A Suspicion of Silver

Berwick Museum & Art Gallery will be playing host to a special visitor on the afternoon of Saturday 4th May 2019 at 2.00pm – the historical novelist Patricia Finney will be launching her new book “A Suspicion of Silver” at the venue. The book is the latest in a series of novels based on the adventures of the Elizabethan nobleman Sir Robert Carey.

Free admission. In Berwick Museum & Art Gallery, The Clock Block, Berwick Barracks, TD15 1DG.  Tel: 01289 309 538.

“Anyone who has read any history at all about the reign of Queen Elizabeth I has heard of at least one of Sir Robert Carey’s exploits – he was the man who rode 400 miles in just under three days from London to Edinburgh to tell King James VI of Scotland that Elizabeth was dead and that he was finally King of England. 

“Born in 1560 and brought up in Berwick, Carey was the seventh and youngest son of Henry Carey, Baron Hunsdon and Warden of the East March.   He served at Court for ten years as a well-connected but landless sprig of the aristocracy, then in 1592 something made him decide to switch to full-time soldiering. Perhaps he was bored. Perhaps the moneylenders were getting impatient.  At any rate, Carey accepted the offer from his brother-in-law, Lord Scrope, Warden of the English West March, to be his Deputy Warden.

“This was irresistible – here was this fancy-dressing, fancy-talking Court dude turning up in England’s Wild North. The Anglo-Scottish Border at that time made Dodge City look like a health farm. It was the most chaotic part of the kingdom and was full of cattle-rustlers, murderers, arsonists, horse-thieves, kidnappers and general all-purpose outlaws.
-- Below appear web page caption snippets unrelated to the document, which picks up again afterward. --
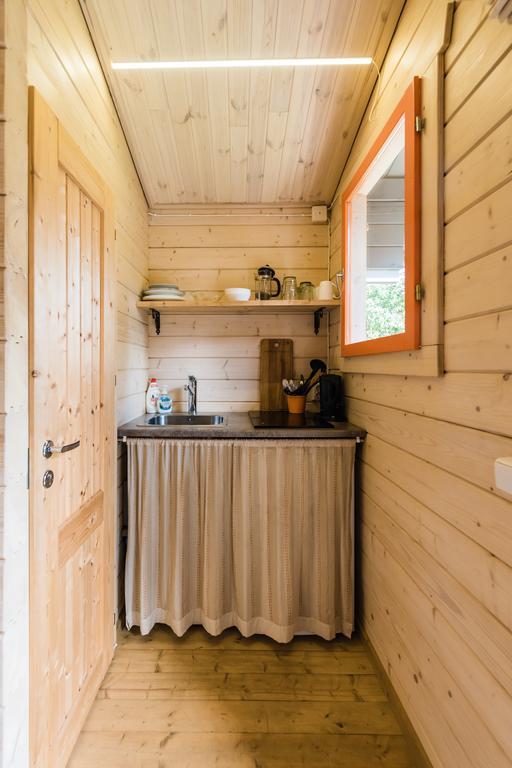 Villa Reta Puhkemajad Haapsalu Esterno foto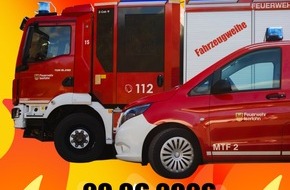 Feuerwehr Iserlohn: FW-MK: Ein Jahrhundert Einsatz in Kesbern!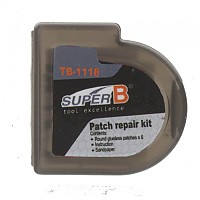 [해외]SUPER B 수리 도구 TB-1118 6 Patch 1137647708 Black
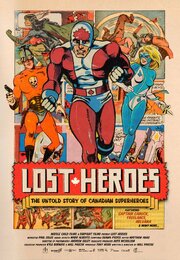 Lost Heroes - лучший фильм в фильмографии Стивен Липсон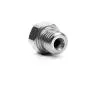 Micro Swiss Nozzle for All Metal Hotend Kit ONLY A2 Hardened Steel .6mm Micro Swiss Nozzle for All Metal Hotend Kit ONLY A2 Hardened Steel .6mm
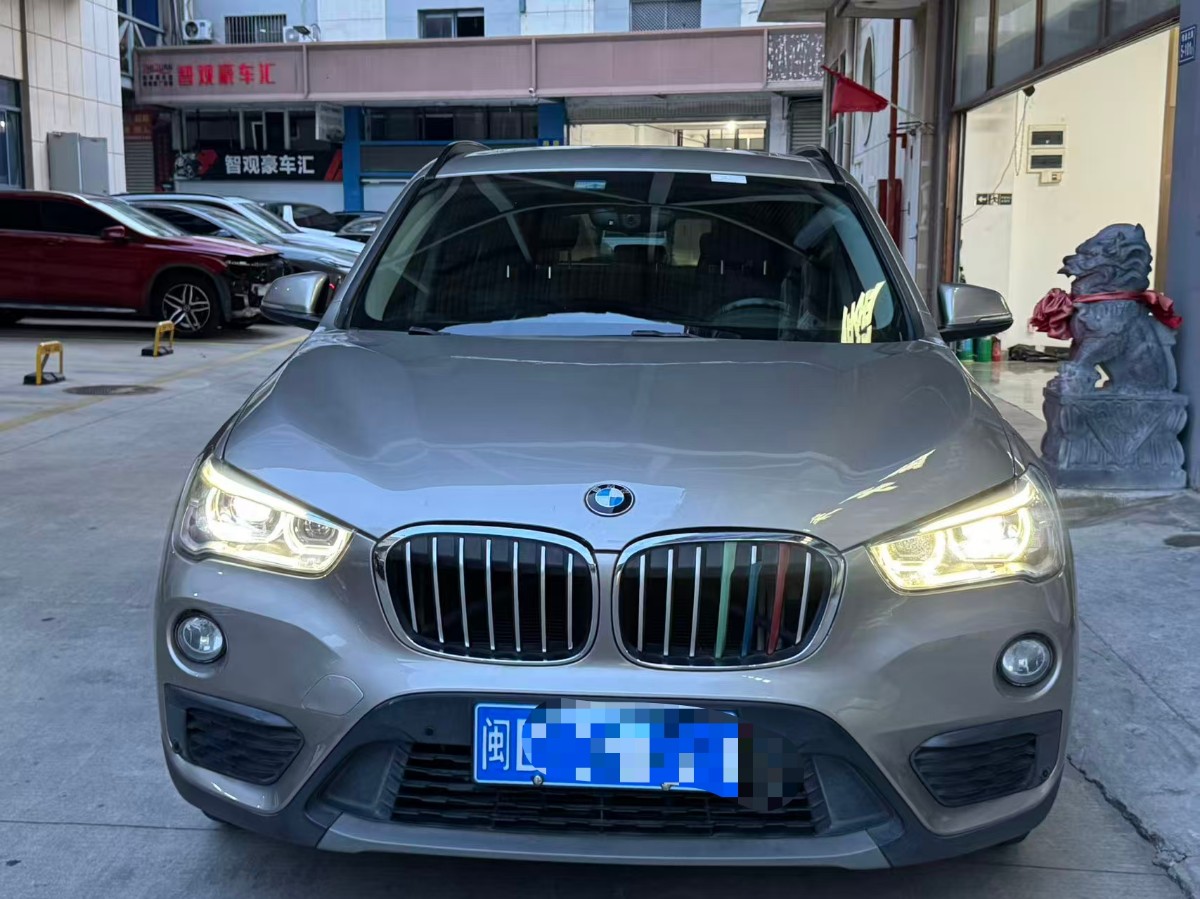 BMW X1 2016 car image #2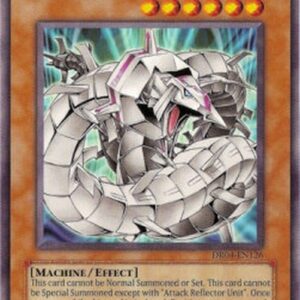 Yu-Gi-Oh! Cyber Barrier Dragon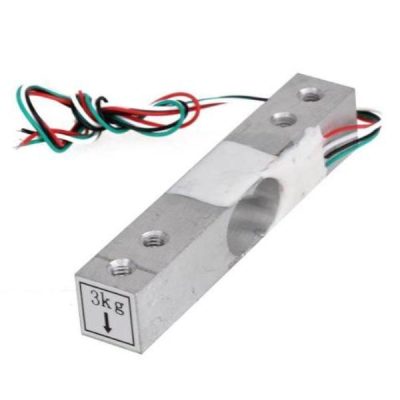 Weighing Load Cell Sensor 3KG For Electronic Kitchen Scale With Wires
“Carey was the Sheriff and Her Majesty’s Marshall rolled into one, expected to enforce the law with a handful of horsemen and very little official co-operation.

Sir Robert Carey

“Patricia, who has written ten Carey stories under the pen name P F Chisholm, has been a published author since she was a teenager. Since then she has written around twenty-five other books, including three historical spy novels in a new genre she calls Elizabethan Noir, a contemporary romance novel and three children’s books.  She loves public speaking especially when she’s talking about her books and has been called the first stand-up historian ever.”